=== Exercise prompt ===
Scan the entries for "Stainless". Every line that holds it is to be copied.

=== Data extract ===
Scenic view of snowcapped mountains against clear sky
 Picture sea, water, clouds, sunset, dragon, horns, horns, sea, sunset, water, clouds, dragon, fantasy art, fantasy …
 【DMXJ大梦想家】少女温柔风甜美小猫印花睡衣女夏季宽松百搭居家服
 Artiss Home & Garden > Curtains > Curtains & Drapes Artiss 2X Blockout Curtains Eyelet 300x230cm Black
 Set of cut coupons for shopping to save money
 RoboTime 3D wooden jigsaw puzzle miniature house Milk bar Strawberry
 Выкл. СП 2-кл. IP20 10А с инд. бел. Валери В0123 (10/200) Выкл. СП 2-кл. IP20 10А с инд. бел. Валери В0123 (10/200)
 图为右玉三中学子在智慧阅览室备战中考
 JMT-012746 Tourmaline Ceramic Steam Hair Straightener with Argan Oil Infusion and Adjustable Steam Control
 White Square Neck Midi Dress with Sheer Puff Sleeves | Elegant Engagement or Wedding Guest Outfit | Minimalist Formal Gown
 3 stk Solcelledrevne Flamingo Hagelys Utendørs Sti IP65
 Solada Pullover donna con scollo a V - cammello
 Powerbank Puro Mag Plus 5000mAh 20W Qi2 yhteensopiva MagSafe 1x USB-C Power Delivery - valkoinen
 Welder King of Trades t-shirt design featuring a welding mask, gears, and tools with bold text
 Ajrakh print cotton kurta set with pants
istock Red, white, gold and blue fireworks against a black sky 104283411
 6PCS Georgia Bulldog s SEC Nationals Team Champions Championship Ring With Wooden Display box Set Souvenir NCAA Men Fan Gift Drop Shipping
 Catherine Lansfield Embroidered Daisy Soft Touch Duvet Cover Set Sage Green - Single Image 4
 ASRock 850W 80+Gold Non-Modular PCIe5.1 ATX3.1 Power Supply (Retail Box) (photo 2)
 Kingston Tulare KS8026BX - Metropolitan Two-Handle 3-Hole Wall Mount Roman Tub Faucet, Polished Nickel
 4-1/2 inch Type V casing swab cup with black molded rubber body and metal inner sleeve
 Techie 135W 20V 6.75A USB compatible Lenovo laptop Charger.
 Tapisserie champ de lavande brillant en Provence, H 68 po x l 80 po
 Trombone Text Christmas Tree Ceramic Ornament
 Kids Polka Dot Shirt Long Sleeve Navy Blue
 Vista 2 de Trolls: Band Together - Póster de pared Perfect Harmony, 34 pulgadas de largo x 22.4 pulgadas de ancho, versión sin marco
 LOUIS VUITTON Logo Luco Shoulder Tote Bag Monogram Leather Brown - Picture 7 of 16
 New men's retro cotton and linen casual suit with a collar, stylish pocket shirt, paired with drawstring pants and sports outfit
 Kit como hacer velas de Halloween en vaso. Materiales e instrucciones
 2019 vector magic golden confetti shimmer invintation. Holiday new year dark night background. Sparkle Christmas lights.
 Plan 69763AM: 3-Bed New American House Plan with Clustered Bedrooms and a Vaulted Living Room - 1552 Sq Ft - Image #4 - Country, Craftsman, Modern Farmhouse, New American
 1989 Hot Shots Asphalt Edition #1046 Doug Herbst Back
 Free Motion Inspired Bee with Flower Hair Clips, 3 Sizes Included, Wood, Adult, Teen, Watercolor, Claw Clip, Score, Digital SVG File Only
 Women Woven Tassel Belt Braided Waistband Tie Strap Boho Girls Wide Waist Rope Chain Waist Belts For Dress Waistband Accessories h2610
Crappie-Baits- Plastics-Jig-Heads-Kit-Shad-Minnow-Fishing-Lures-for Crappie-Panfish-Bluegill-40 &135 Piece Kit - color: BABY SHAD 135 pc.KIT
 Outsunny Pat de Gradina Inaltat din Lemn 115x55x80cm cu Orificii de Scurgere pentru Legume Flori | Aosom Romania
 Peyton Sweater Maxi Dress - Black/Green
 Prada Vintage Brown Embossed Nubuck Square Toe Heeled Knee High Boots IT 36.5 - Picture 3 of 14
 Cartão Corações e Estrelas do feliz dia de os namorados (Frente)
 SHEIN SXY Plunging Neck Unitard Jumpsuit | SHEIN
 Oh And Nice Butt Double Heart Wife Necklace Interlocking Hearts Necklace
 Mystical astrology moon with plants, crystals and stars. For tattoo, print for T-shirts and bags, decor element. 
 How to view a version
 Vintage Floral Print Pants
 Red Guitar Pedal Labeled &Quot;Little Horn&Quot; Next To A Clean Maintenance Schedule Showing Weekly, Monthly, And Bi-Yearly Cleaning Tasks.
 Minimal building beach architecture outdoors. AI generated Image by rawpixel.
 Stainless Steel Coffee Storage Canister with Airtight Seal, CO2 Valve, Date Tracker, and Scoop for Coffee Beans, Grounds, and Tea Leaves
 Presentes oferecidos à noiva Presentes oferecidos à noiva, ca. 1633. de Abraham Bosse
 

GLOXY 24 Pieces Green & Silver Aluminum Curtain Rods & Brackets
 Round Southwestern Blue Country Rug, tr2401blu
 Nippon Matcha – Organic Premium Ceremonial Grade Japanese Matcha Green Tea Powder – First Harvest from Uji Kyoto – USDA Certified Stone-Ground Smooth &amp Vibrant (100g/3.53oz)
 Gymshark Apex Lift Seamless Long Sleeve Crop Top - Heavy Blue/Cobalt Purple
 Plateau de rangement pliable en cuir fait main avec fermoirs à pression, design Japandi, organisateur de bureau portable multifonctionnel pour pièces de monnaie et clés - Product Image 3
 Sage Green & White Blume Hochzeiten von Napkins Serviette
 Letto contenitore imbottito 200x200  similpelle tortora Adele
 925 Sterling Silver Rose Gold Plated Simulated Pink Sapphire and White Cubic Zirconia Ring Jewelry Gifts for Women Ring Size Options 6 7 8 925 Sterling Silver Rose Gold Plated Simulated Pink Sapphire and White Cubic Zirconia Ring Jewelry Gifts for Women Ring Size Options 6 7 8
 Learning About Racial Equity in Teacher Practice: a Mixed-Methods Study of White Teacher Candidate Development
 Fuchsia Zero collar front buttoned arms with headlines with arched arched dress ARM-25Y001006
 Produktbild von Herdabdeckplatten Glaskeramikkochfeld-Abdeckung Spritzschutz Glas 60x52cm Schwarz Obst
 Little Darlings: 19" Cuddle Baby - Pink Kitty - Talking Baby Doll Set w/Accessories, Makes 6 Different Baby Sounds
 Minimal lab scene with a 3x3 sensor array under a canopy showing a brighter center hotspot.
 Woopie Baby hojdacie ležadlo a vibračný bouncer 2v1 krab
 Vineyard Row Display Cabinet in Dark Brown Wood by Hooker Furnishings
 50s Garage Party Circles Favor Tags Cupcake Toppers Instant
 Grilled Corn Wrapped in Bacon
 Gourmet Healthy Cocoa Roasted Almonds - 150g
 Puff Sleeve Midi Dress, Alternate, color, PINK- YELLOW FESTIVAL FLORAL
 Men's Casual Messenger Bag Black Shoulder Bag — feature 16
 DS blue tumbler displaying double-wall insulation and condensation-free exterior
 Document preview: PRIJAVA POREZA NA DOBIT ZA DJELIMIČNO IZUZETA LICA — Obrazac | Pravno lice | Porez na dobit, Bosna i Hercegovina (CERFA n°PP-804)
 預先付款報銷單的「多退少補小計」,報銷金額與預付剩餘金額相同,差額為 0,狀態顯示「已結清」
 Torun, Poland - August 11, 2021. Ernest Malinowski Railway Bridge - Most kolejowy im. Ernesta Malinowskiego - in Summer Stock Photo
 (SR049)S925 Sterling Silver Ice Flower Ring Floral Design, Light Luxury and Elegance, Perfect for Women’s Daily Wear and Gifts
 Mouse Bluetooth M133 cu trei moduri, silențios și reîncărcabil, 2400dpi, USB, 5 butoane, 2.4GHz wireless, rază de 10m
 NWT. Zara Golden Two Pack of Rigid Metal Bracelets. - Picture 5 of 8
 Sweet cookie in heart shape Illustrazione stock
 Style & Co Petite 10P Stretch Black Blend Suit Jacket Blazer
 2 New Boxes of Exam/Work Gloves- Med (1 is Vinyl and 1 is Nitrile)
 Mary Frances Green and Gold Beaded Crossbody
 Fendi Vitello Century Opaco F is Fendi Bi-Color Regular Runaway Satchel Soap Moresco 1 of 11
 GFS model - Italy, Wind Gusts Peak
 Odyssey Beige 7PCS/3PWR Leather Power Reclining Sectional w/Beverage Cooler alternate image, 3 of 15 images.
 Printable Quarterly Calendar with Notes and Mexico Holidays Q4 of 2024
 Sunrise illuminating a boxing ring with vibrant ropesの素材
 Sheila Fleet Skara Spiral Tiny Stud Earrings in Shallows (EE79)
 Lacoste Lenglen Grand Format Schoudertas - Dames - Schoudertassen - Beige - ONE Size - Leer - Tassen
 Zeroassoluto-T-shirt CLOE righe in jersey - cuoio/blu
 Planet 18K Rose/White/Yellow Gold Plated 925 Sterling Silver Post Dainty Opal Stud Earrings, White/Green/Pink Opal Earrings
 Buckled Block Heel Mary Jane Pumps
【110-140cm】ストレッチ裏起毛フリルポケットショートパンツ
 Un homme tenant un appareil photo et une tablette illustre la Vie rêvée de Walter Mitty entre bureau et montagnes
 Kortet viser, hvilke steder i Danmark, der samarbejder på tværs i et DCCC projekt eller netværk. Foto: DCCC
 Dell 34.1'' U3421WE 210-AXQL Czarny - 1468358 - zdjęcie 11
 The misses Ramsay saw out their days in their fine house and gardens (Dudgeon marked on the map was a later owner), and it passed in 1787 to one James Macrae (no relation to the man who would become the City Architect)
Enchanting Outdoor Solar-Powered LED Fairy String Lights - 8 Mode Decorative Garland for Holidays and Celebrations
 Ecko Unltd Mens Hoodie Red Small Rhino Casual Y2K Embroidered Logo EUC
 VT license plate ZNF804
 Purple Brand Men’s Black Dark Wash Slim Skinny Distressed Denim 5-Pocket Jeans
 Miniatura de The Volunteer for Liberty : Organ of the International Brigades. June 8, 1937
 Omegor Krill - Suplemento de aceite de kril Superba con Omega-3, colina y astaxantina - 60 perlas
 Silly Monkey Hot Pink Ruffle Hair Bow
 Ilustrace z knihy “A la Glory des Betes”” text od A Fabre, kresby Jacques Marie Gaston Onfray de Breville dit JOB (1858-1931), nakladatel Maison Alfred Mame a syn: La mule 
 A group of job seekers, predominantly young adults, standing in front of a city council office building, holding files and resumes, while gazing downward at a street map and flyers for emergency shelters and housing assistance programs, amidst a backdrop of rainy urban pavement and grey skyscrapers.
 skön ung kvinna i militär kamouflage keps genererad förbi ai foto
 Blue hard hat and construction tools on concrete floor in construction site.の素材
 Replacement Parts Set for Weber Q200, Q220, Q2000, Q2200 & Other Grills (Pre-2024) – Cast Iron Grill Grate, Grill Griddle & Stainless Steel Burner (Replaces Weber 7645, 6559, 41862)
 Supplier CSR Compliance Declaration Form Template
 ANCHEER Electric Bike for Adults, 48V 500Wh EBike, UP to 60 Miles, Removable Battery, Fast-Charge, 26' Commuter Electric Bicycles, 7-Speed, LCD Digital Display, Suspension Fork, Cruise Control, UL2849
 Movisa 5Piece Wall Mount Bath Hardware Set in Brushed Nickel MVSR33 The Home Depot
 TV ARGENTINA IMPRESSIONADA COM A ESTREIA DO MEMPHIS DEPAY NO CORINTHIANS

=== Solved problem ===
 Stainless Steel Coffee Storage Canister with Airtight Seal, CO2 Valve, Date Tracker, and Scoop for Coffee Beans, Grounds, and Tea Leaves
 Replacement Parts Set for Weber Q200, Q220, Q2000, Q2200 & Other Grills (Pre-2024) – Cast Iron Grill Grate, Grill Griddle & Stainless Steel Burner (Replaces Weber 7645, 6559, 41862)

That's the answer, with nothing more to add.